Scraped caption text data:
= = = = =

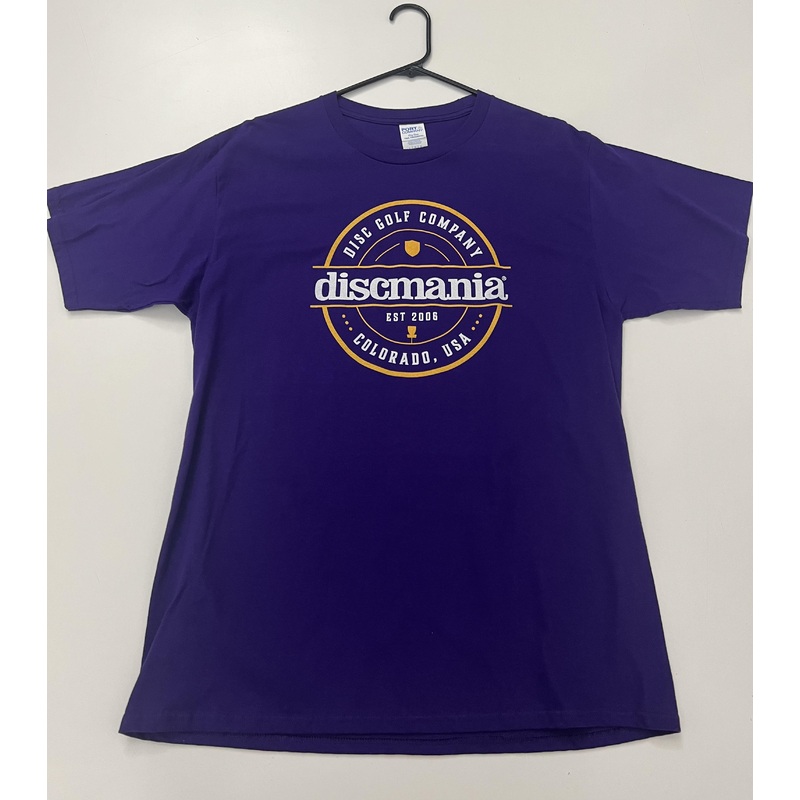 Discmania Colorado Tee Purple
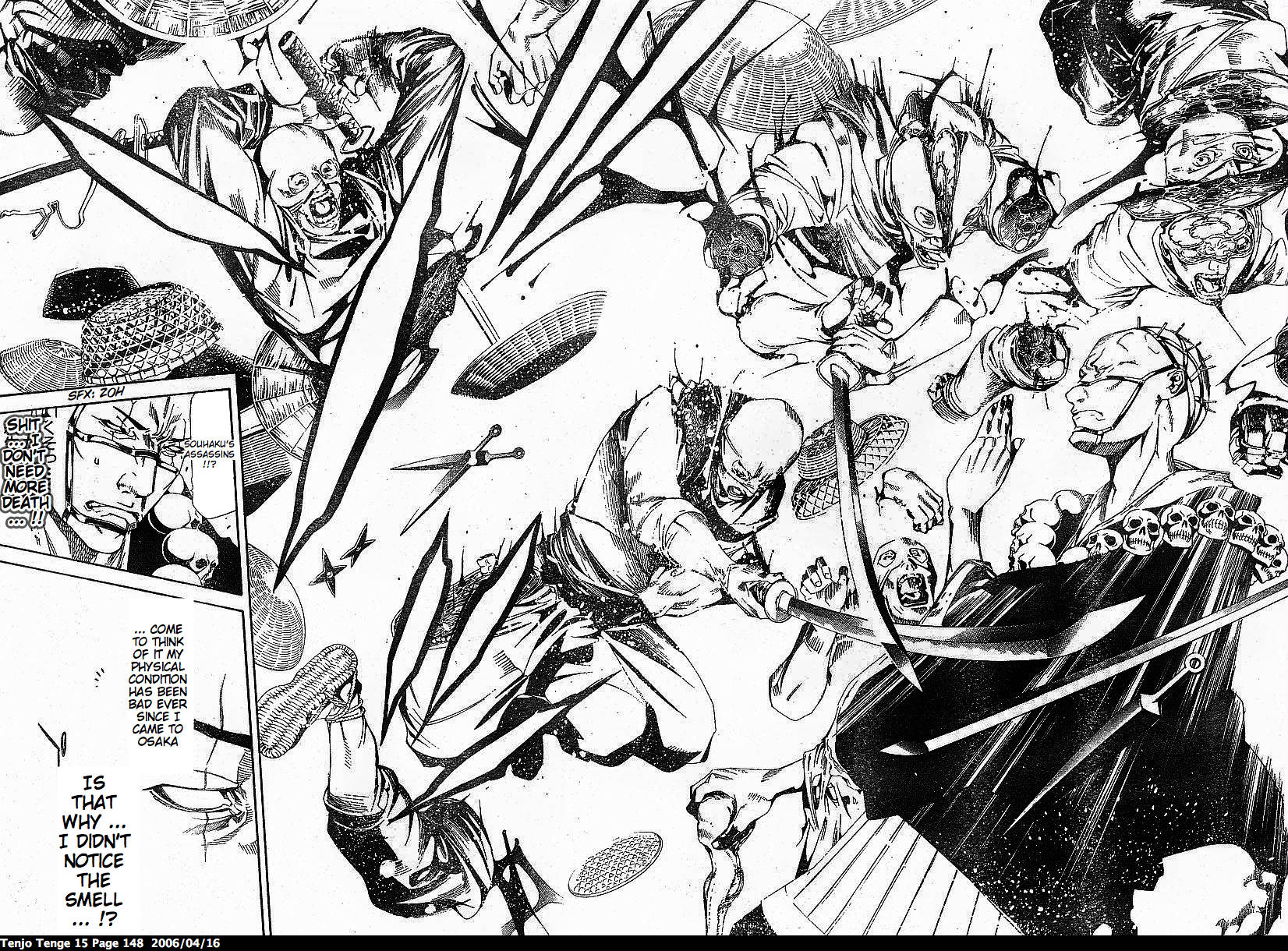 Halaman Manga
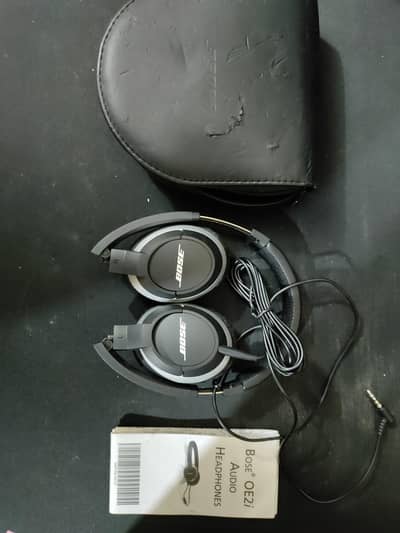 bose head phone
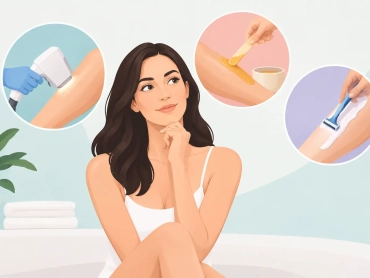 Does Laser Hurt Less Than Waxing or Shaving?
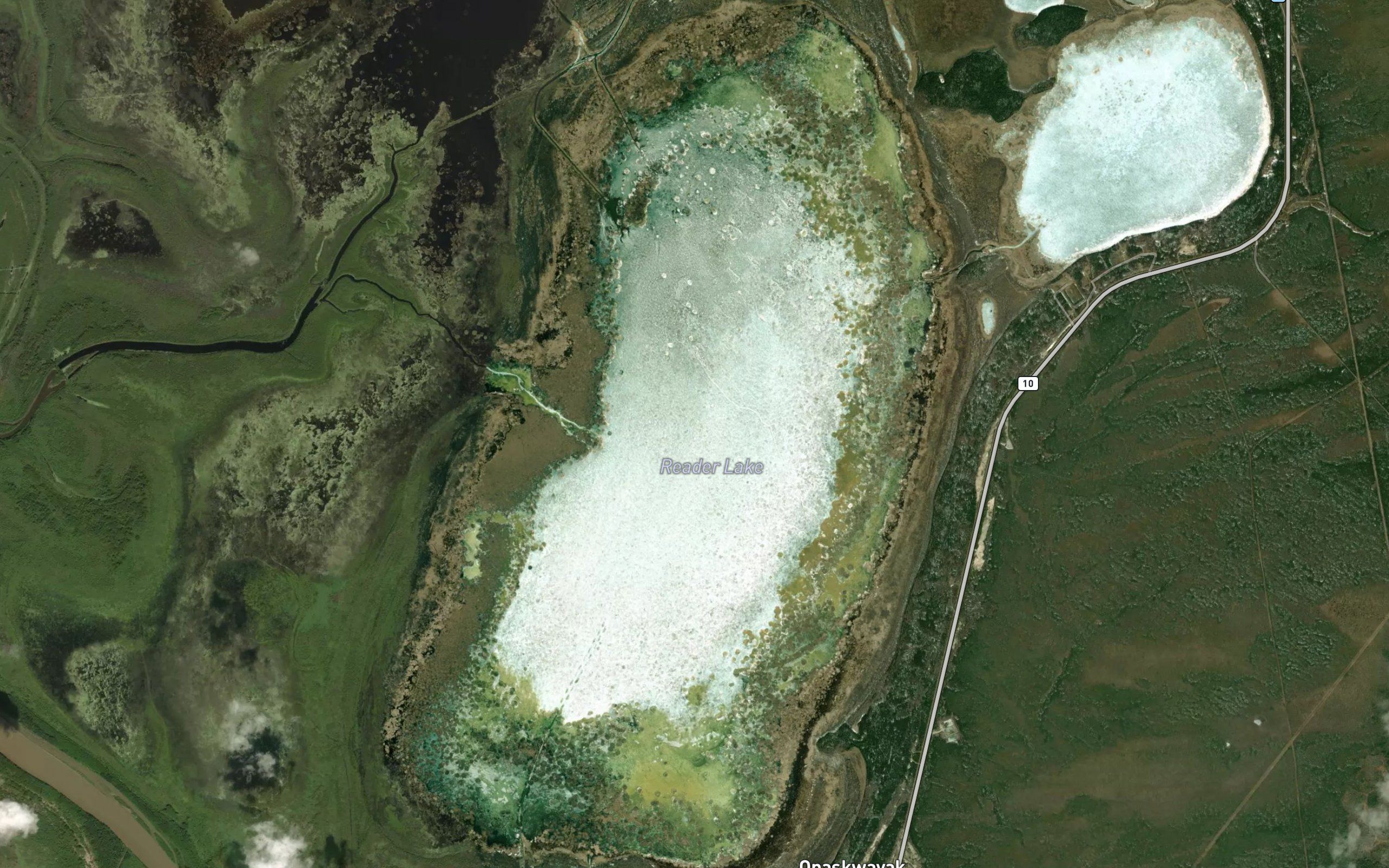 Reader Lake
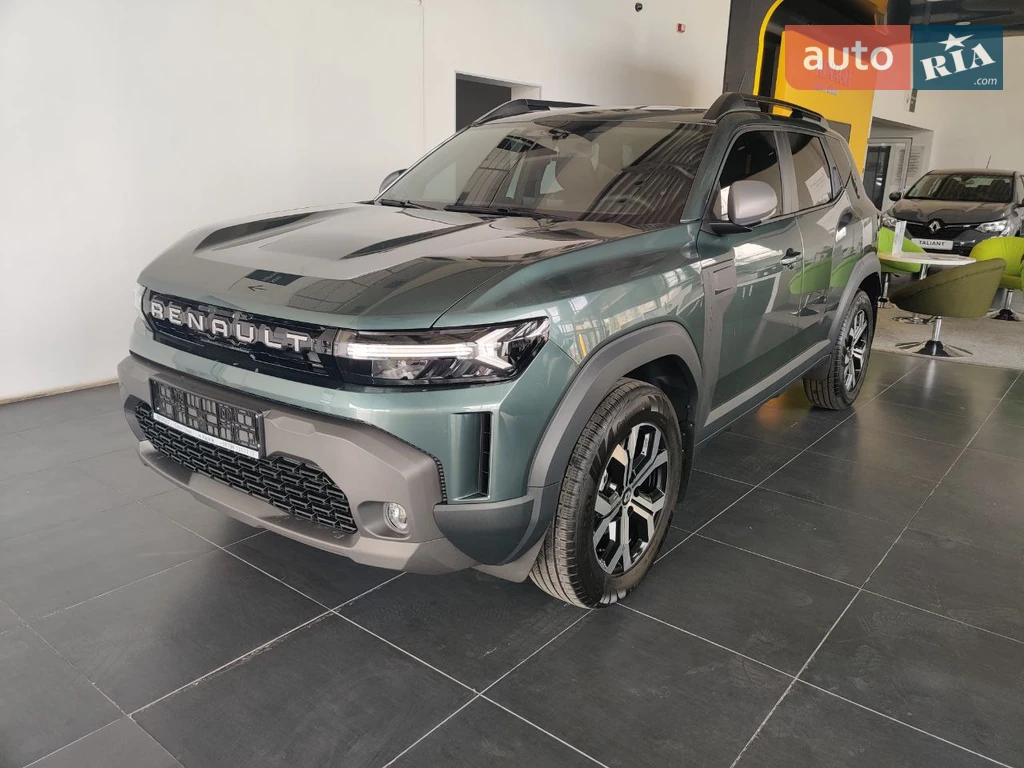 Renault Duster Evolution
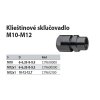 CMT Klieštinové skľučovadlo - S=M12x1 pre D=6 - 6,35 - 8 - 9,5mm C79600000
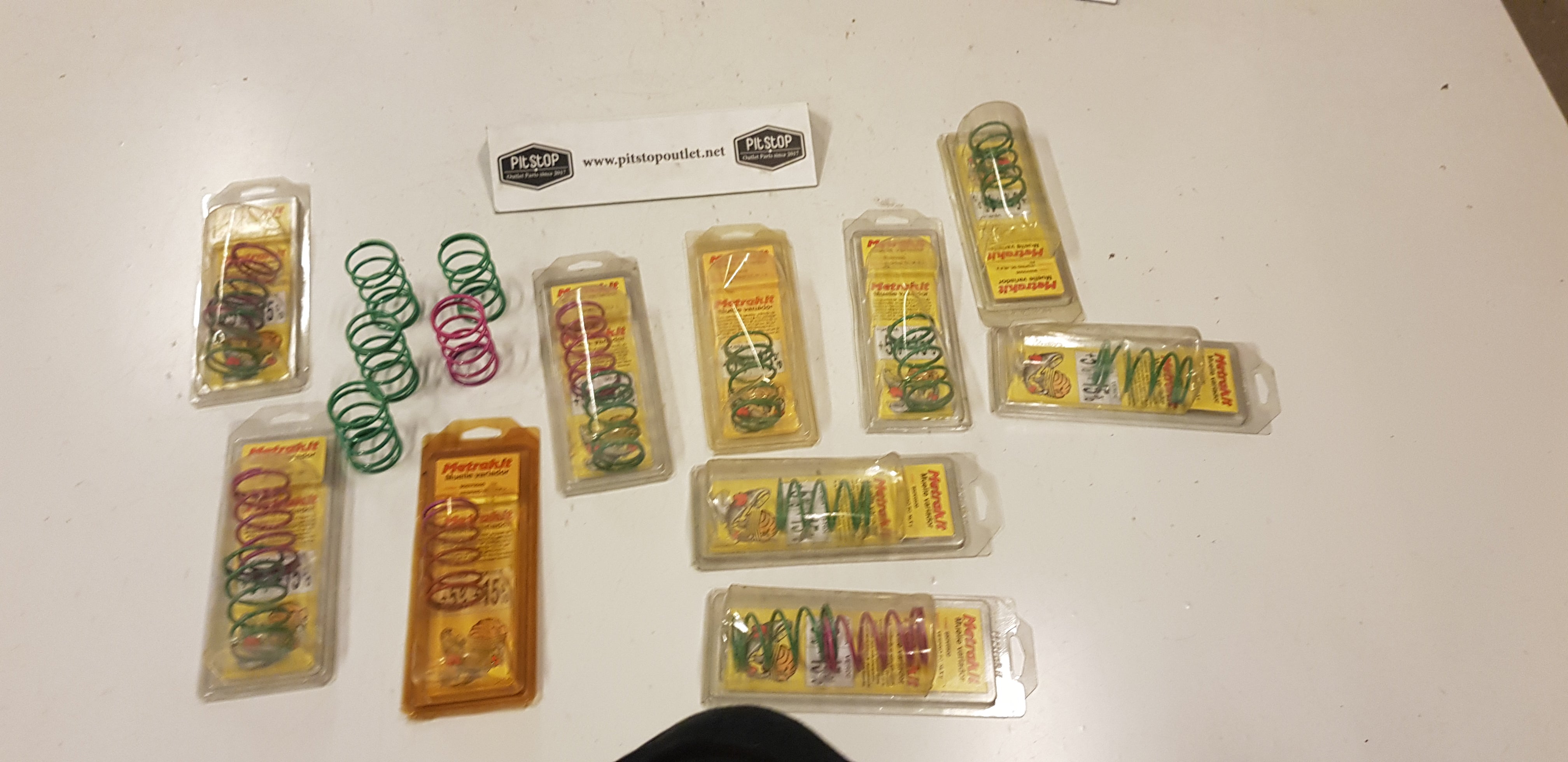 Partij Drukveren (19 stuks)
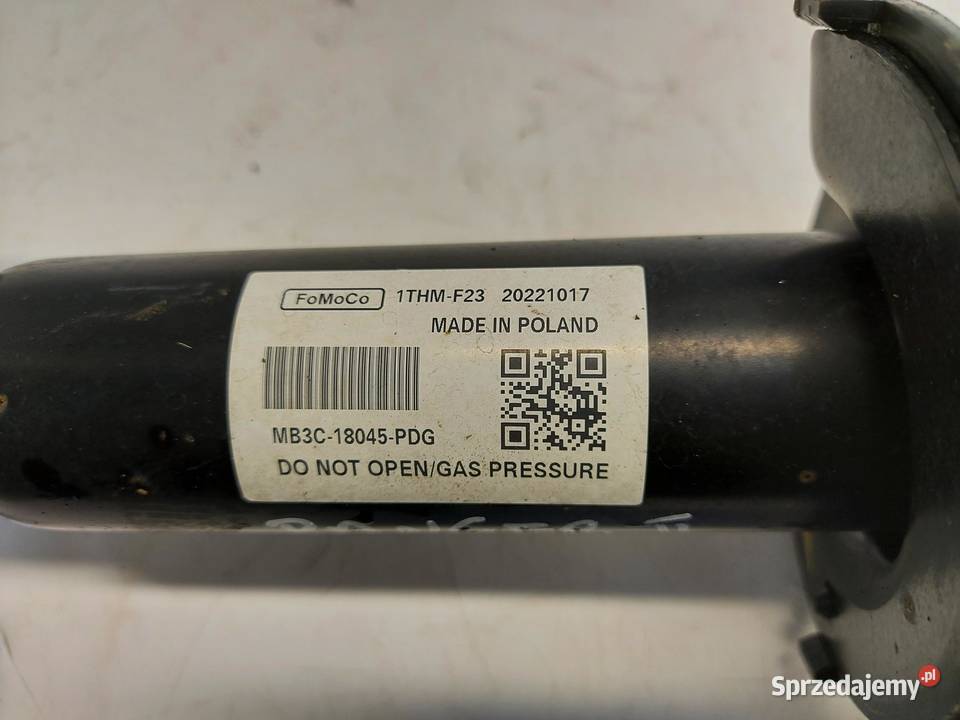 Ford Ranger VI 6 2024r AMORTYZATOR PRAWY PRZÓD dolnośląskie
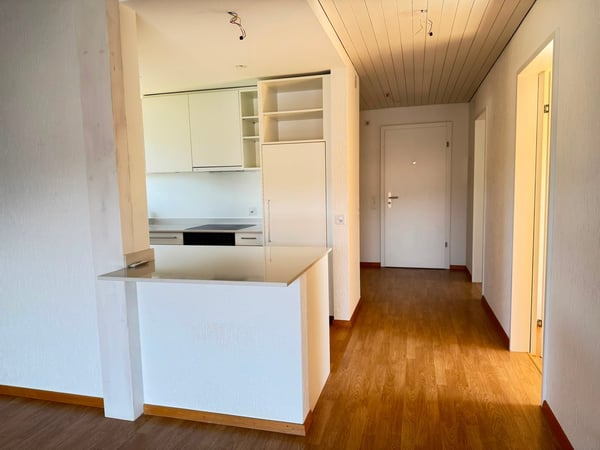 Dachwohnung an ruhiger Lage im Dorfzentrum 2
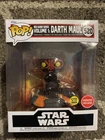 Funko Pop! Deluxe: Star Wars - Red Saber Series Volume 1:Darth Maul (Glows) #520
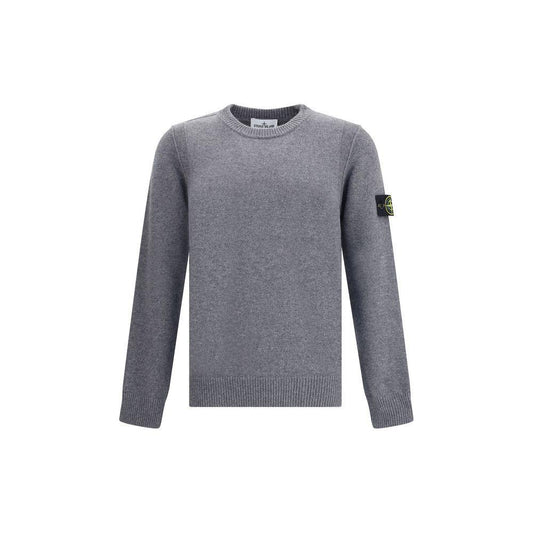 Stone Island Logoed Sweater ST-K2S155100072S00A3V0M6B-S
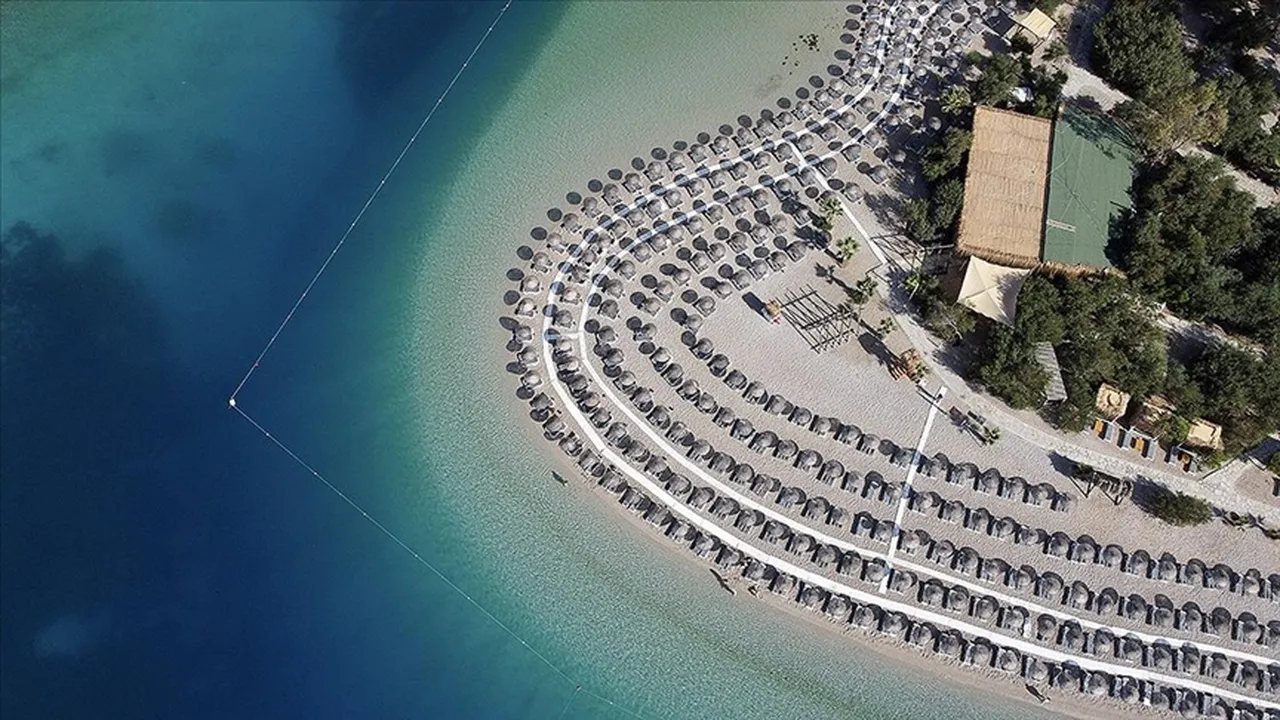 Türkiye kıyıları artık dünya markası: Mavi bayraklı plaj sayısı 580’e yükseldi
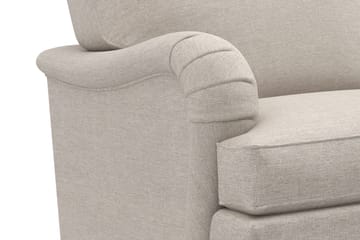 Howard Classic 6-sits L-formad Hörnsoffa i Tyg - Beige - Möbler - Soffa - Howardsoffor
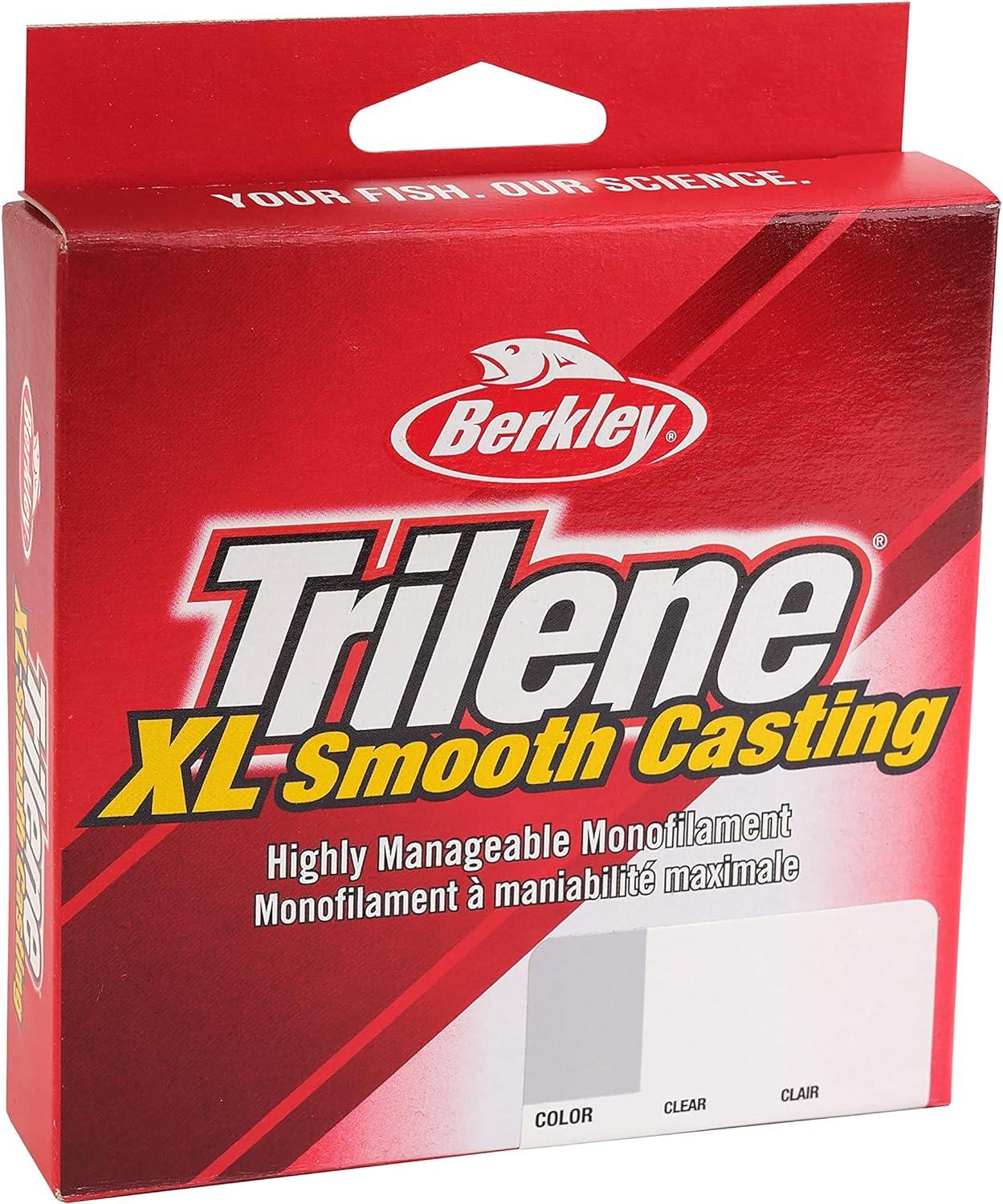 imageBerkley Trilene XL Monofilament Fishing LineClear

= = = = =

» **Work instructions**: Please give again only the lines from the one containing "Partij Drukveren (19 stuks)" through the last line of the entries above, exactly as they stand and without pictures.

» **Exercise response**:
 Partij Drukveren (19 stuks)
 Ford Ranger VI 6 2024r AMORTYZATOR PRAWY PRZÓD dolnośląskie
 Dachwohnung an ruhiger Lage im Dorfzentrum 2
 Funko Pop! Deluxe: Star Wars - Red Saber Series Volume 1:Darth Maul (Glows) #520
 Stone Island Logoed Sweater ST-K2S155100072S00A3V0M6B-S
 Türkiye kıyıları artık dünya markası: Mavi bayraklı plaj sayısı 580’e yükseldi
 Howard Classic 6-sits L-formad Hörnsoffa i Tyg - Beige - Möbler - Soffa - Howardsoffor
 imageBerkley Trilene XL Monofilament Fishing LineClear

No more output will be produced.